La seule façon de soulager les Tunisiens ordinaires – à moyen et à long terme, sinon nécessairement à court terme – est de sortir de l’impasse politique du pays. Exercer des pressions par le biais des pourparlers avec le FMI n’est pas la seule option, mais c’est la meilleure disponible. Il existe d’autres leviers à la disposition des États-Unis, mais ils sont plus coercitifs et risquent d’être des ratés. Par exemple, l’administration Biden pourrait utiliser la loi Global Magnitsky pour sanctionner Saied et d’autres hauts responsables pour violations des droits de l’homme, comme certains militants tunisiens ont suggéré.

Si le FMI renfloue un Saïed sans vergogne, il portera la responsabilité directe de la fin de la démocratie tunisienne.

Mais les États-Unis seraient plus intelligents en retenant des carottes qu’en brandissant des bâtons. Bien que Saied lui-même puisse être indifférent aux pressions extérieures, ceux qui l’entourent ne sont pas nécessairement une cause perdue, du moins pas encore. Avec un effet de levier considérable à sa disposition, Washington peut offrir à la Tunisie la perspective d’une stabilité politique et d’une bouée de sauvetage économique, au lieu de privilégier l’un au détriment de l’autre. Rien de moins que cela reviendrait à ce que le FMI subventionne et permette l’autoritarisme tunisien au moment même où la Tunisie devient plus autoritaire.

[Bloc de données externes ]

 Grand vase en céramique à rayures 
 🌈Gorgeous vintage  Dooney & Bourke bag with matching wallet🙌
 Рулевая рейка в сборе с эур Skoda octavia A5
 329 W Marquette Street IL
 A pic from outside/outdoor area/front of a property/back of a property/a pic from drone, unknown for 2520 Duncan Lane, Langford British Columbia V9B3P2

En cas de défaillance du pays, les responsables tunisiens auraient encore plus de raisons de remplir les conditions politiques liées à l’aide d’urgence du FMI et d’autres donateurs internationaux. Si Saied refuse toujours de bouger, alors lui seul portera la responsabilité politique et morale de l’effondrement qui en résultera. À ce stade, Saied se retrouverait probablement encore plus isolé, invitant à une plus grande pression de la part de l’armée et d’autres institutions étatiques pour changer de cap. Bien que ce soit loin d’être un scénario idéal, il serait tout de même préférable à une issue à moyen ou long terme dans laquelle Saied plongerait la Tunisie dans un autoritarisme inflexible qui pourrait durer des années, voire des décennies.

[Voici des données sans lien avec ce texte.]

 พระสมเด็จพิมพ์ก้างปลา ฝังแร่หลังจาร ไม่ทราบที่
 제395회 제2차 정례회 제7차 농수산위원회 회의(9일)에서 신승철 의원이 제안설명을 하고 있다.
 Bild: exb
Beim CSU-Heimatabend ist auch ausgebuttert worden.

D’un autre côté, si le FMI renfloue un Saied sans vergogne, il portera la responsabilité directe de la fin de la démocratie tunisienne et conduira des millions de Tunisiens à un destin tragique. Et si l’administration Biden permet au FMI d’aller de l’avant sans imposer de nouvelles conditions, alors les États-Unis partageront le blâme.